The Way Google’s AI Research System is Transforming Tropical Cyclone Forecasting with Rapid Pace

When Tropical Storm Melissa swirled south of Haiti, weather expert Philippe Papin had confidence it would soon escalate to a monster hurricane.

As the primary meteorologist on duty, he forecasted that in just 24 hours the weather system would become a category 4 hurricane and begin a turn towards the Jamaican shoreline. Not a single expert had ever issued such a bold forecast for rapid strengthening.

But, Papin had an ace up his sleeve: AI technology in the form of the tech giant’s recently introduced DeepMind cyclone prediction system – released for the initial occasion in June. And, as predicted, Melissa did become a system of astonishing strength that tore through Jamaica.

Increasing Reliance on Artificial Intelligence Predictions

Meteorologists are heavily relying upon Google DeepMind. During 25 October, Papin clarified in his official briefing that the AI tool was a primary reason for his certainty: “Roughly 40/50 AI simulation runs indicate Melissa reaching a Category 5 hurricane. While I am not ready to forecast that intensity at this time given track uncertainty, that remains a possibility.

“It appears likely that a phase of rapid intensification will occur as the storm drifts over very warm sea temperatures which is the highest marine thermal energy in the whole Atlantic basin.”

Surpassing Conventional Systems

Google DeepMind is the pioneer AI model focused on hurricanes, and now the initial to beat standard weather forecasters at their own game. Through all 13 Atlantic storms so far this year, Google’s model is the best – even beating human forecasters on track predictions.

The hurricane eventually made landfall in Jamaica at category 5 intensity, among the most powerful coastal impacts recorded in nearly two centuries of data collection across the Atlantic basin. The confident prediction probably provided residents additional preparation time to prepare for the catastrophe, potentially preserving lives and property.

The Way The Model Works

The AI system works by identifying trends that conventional time-intensive physics-based prediction systems may overlook.

“They do it far faster than their physics-based cousins, and the processing requirements is more affordable and time consuming,” said Michael Lowry, a former meteorologist.

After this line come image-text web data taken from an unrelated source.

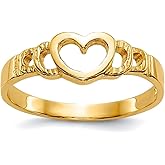 JewelryWeb 10k Solid Yellow Gold Love Heart Ring Size 3.00 Statement Ring
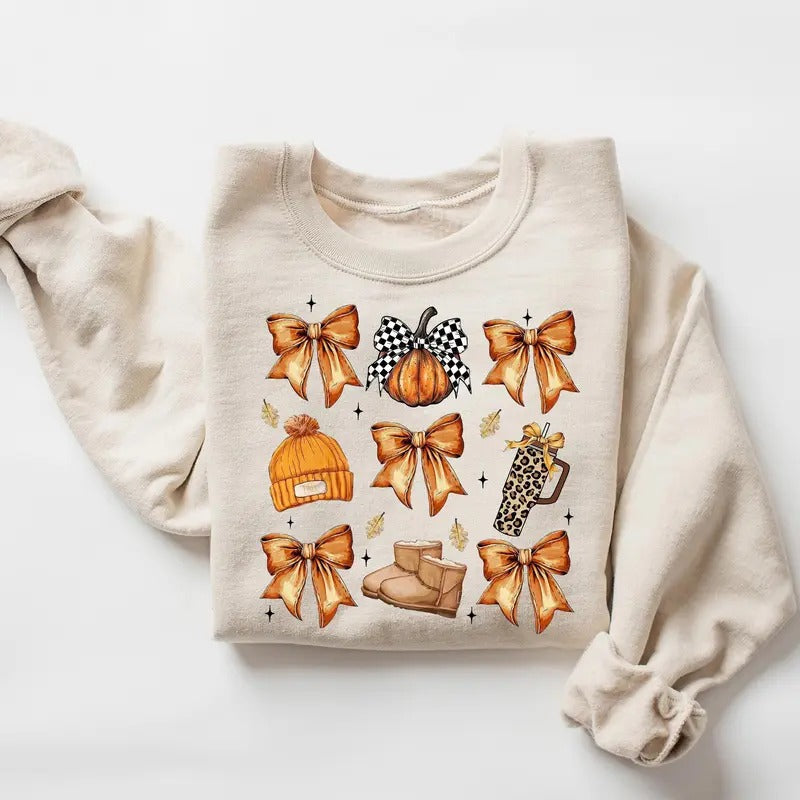 Retro Fall Pumpkin Bow Cute Autumn Comfy - Adult & Kids T-Shirts, Sweatshirts & Hoodies apparel design preview 1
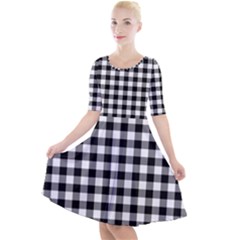 Check Pattern Black, White, Gray Quarter Sleeve A-line Dress by ChastityWhiteRose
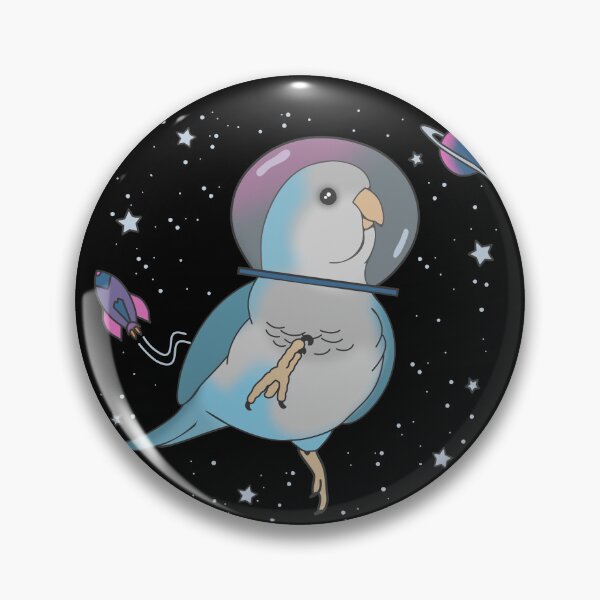 Item preview, Space Birb Astronaut Blue Quaker Parrot Doodle designed and sold by FandomizedRose.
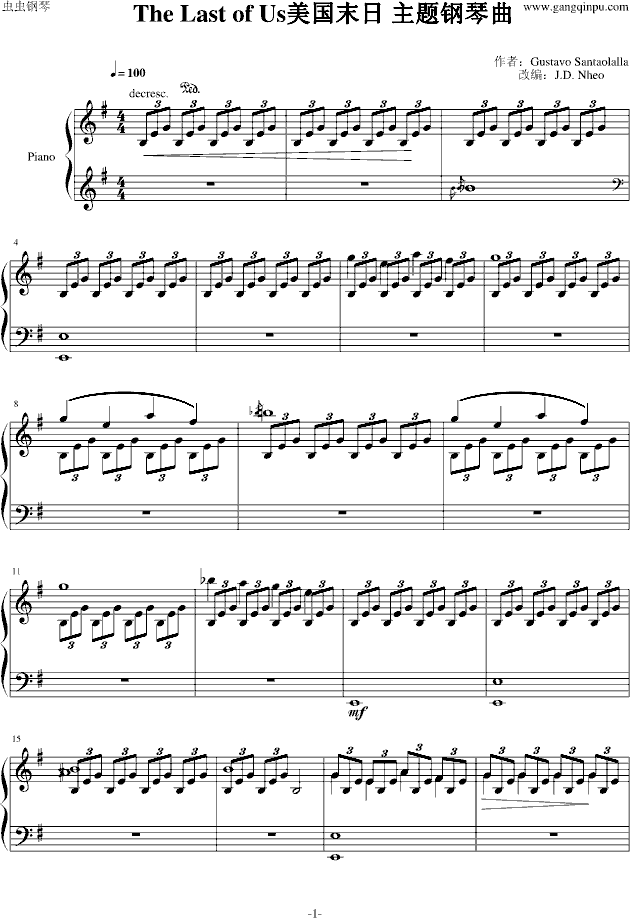 美国末日the last of us主题曲 钢琴版钢琴谱-nheo-虫虫乐谱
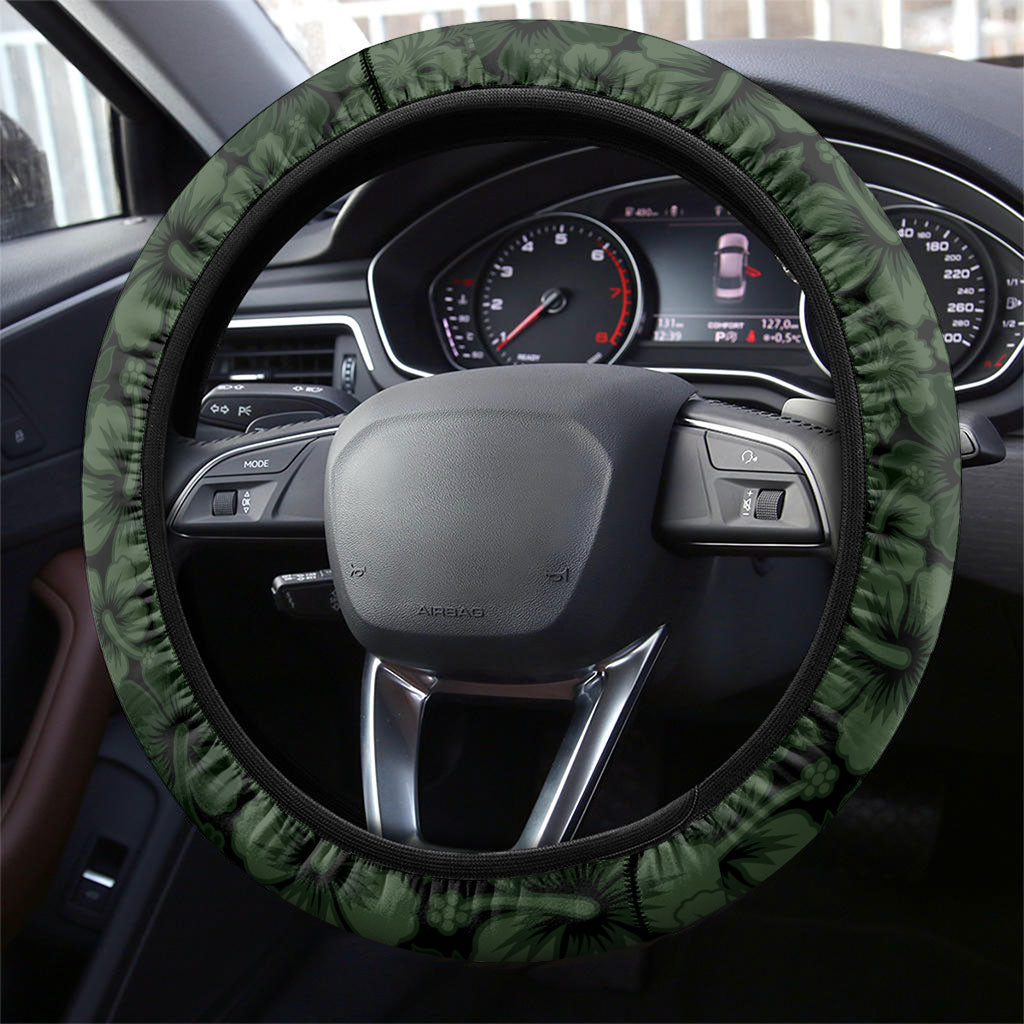 Hawaii Lei Kamehameha Steering Wheel Cover Oma'oma'o Seamless Pattern Hibiscus Flower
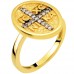 Χρυσό chevalier δαχτυλίδι Κ14 με κωνσταντινάτο
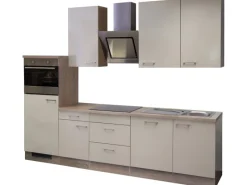 Clearance Flex-Well Exclusiv Küchenzeile Orlando 280 cm Kaschmir Glanz-Sonoma Eiche NB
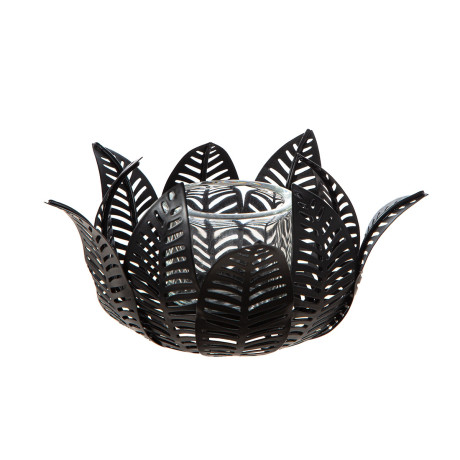 Κηροπήγιο ρεσώ Φύλλο Μοτίφ Μεταλλικό Μαύρο 18X18X9Cm 18X18X9Cm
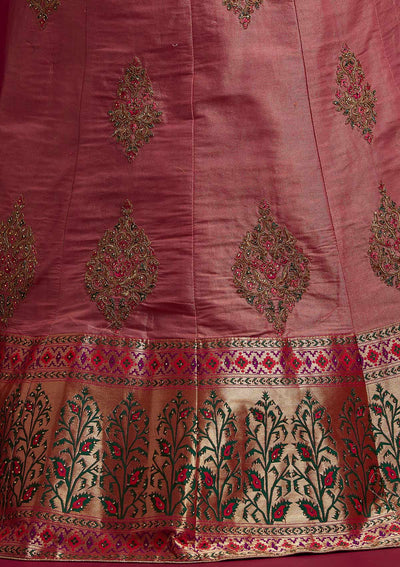 Onion Pink Zariwork Shimmer Designer Semi-Stitched Lehenga - koskii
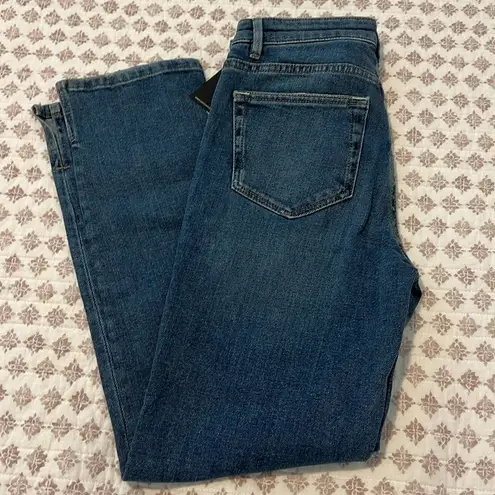 Massimo Dutti NWT High Rise Ankle Cropped Split Hem Medium Wash Jeans Size 2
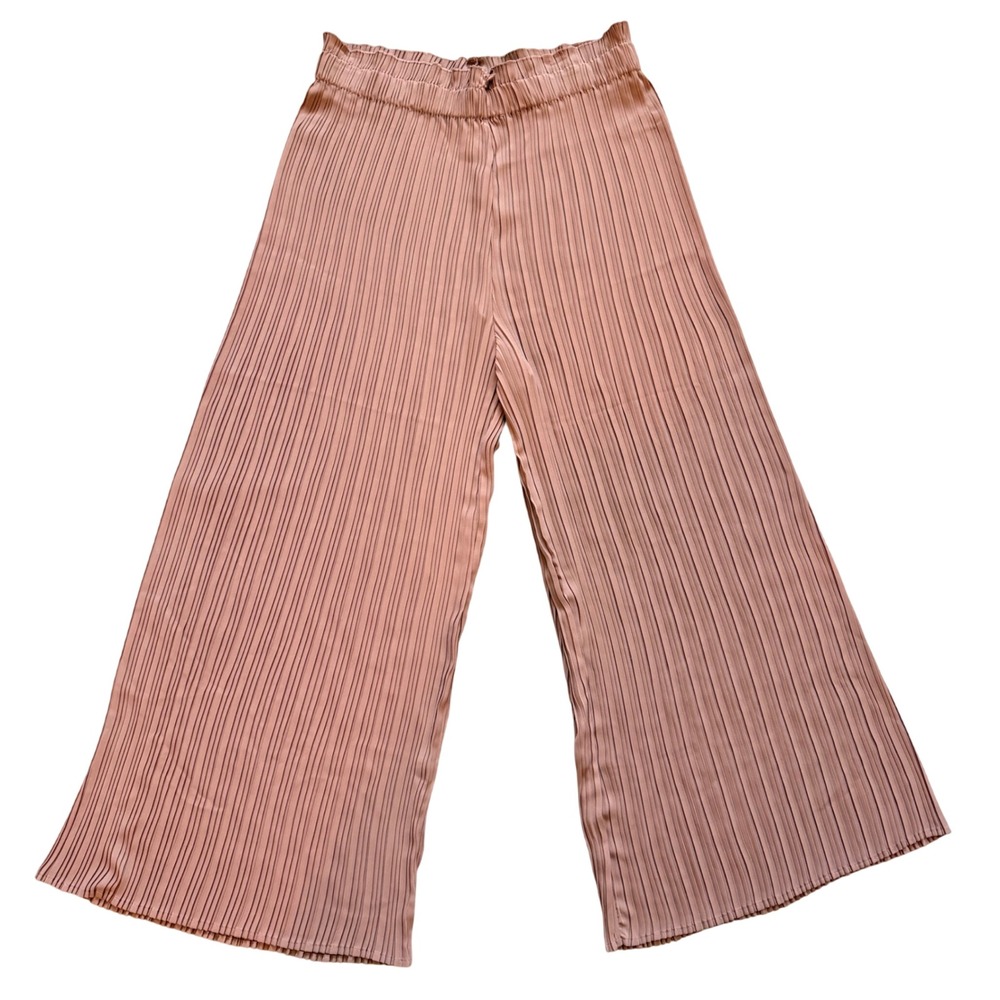 Joie Women Mauve Taupe Pleated Wide Leg High Rise Pull On Crop Pants Large Boho - Picture 2 of 9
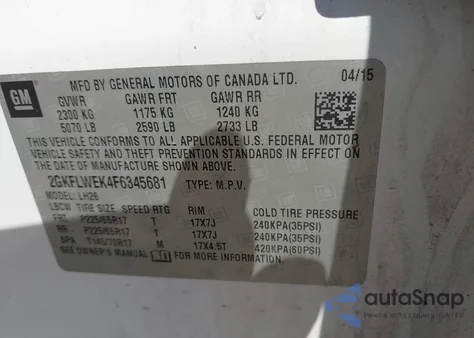 2015 GMC Terrain Sle-2 из США, поврежденный, VIN 2GKFLWEK4F6345681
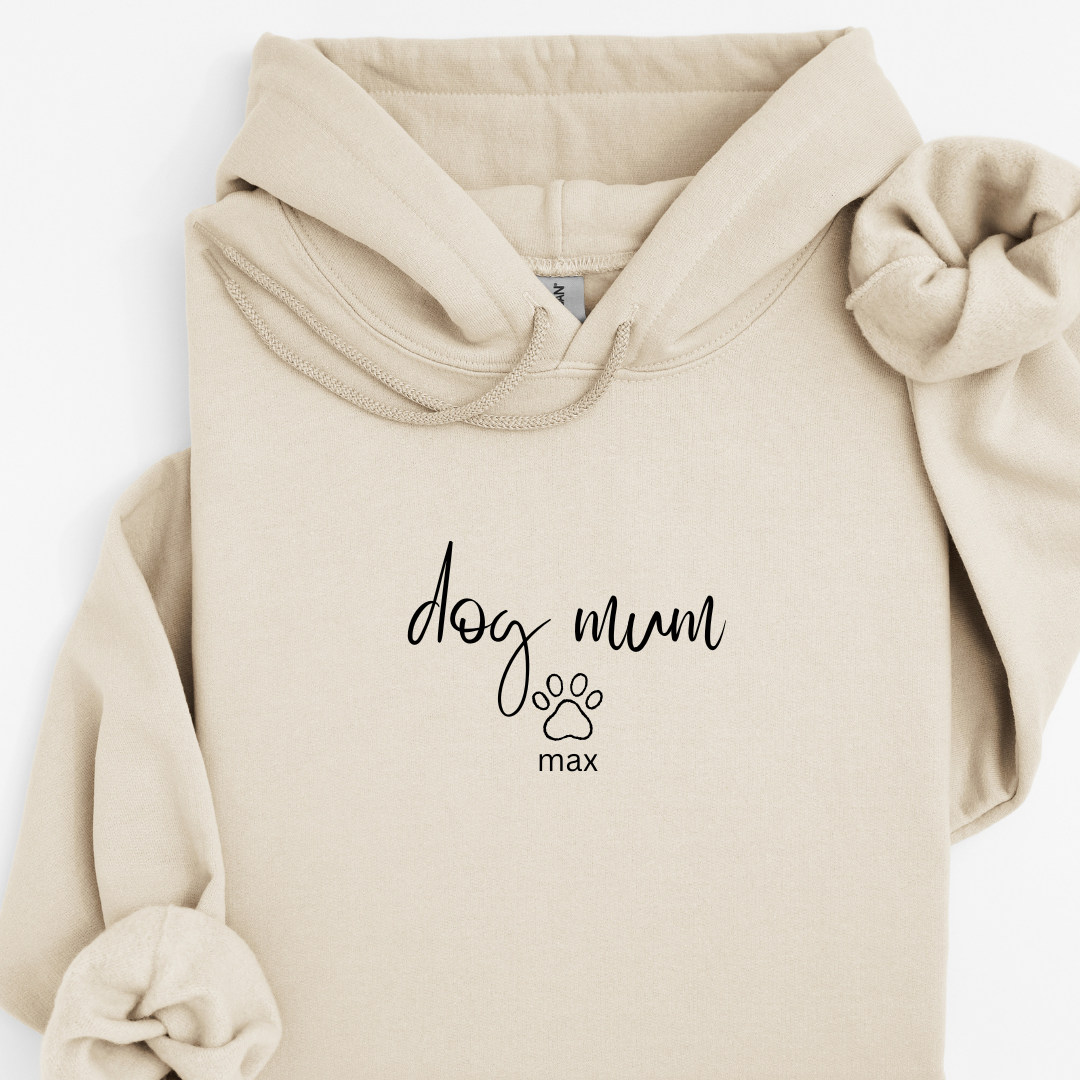 Personalised “Dog Mum” Hoodie – Custom Printed Name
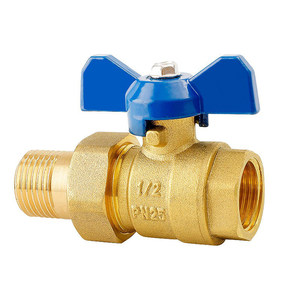 Robinet à bille tout en cuivre 4/6 points à haut débit, filetage interne et externe, diamètre égal, interrupteur pour l'eau et le chauffage, tuyaux DN25 - Product Image 1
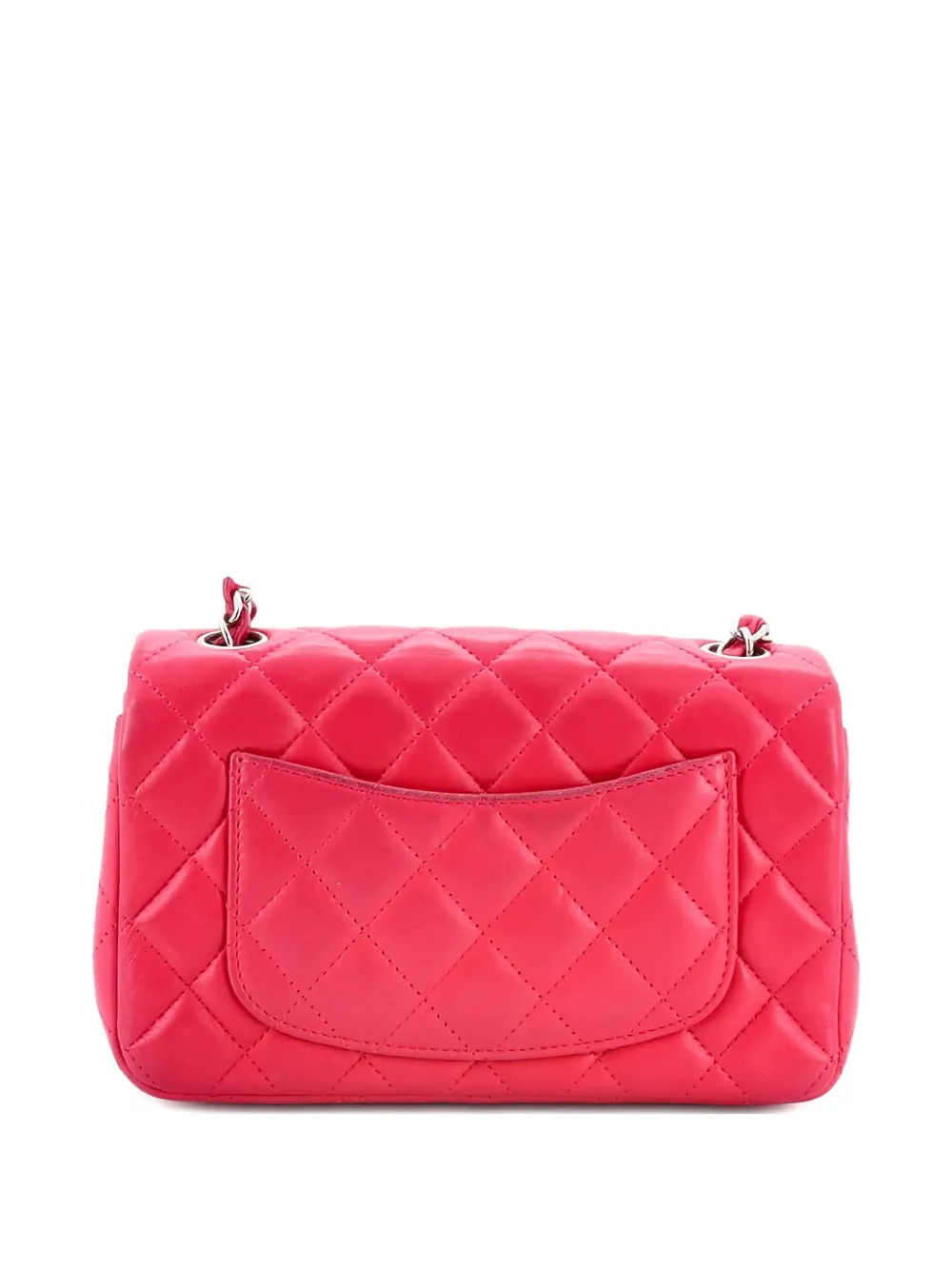 Pre-owned Chanel Classic Single Flap Bag Quilted Lambskin Mini Crossbody Bag In Pink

“This season’s events has proven in quick time is that the recent artificial intelligence systems are competitive with and, in some cases, superior than the less rapid traditional forecasting tools we’ve traditionally leaned on,” Lowry added.

Understanding AI Technology

To be sure, Google DeepMind is an example of machine learning – a technique that has been employed in data-heavy sciences like meteorology for a long time – and is distinct from creative artificial intelligence like ChatGPT.

AI training takes large datasets and pulls out patterns from them in a such a way that its model only takes a few minutes to come up with an result, and can operate on a standard PC – in strong contrast to the flagship models that governments have utilized for years that can require many hours to process and require some of the biggest supercomputers in the world.

Expert Responses and Future Advances

Still, the fact that Google’s model could exceed previous top-tier legacy models so quickly is truly remarkable to meteorologists who have spent their careers trying to predict the world’s strongest storms.

“I’m impressed,” said James Franklin, a former forecaster. “The sample is now large enough that it’s evident this is not a case of beginner’s luck.”

He noted that while the AI is outperforming all competing systems on predicting the future path of storms globally this year, like many AI models it sometimes errs on extreme strength forecasts wrong. It had difficulty with another storm previously, as it was also undergoing quick strengthening to category 5 above the Caribbean.

During the next break, Franklin said he intends to talk with Google about how it can make the DeepMind output more useful for forecasters by offering additional internal information they can utilize to assess the reasons it is producing its answers.

“A key concern that troubles me is that while these predictions seem to be really, really good, the results of the model is essentially a opaque process,” said Franklin.

Broader Sector Developments

Historically, no a private, for-profit company that has developed a top-level forecasting system which grants experts a peek into its techniques – unlike nearly all systems which are provided at no cost to the general audience in their entirety by the governments that created and operate them.

The company is not alone in starting to use AI to solve challenging meteorological problems. The US and European governments are developing their respective AI weather models in the development phase – which have demonstrated better performance over previous non-AI versions.

The next steps in artificial intelligence predictions appear to involve startup companies tackling previously difficult problems such as long-range forecasts and improved early alerts of severe weather and sudden deluges – and they have secured US government funding to do so. One company, WindBorne Systems, is also deploying its own atmospheric sensors to address deficiencies in the national monitoring system.

Margaret Houston
Margaret Houston

A dedicated writer and theologian passionate about sharing faith-based insights and fostering community connections.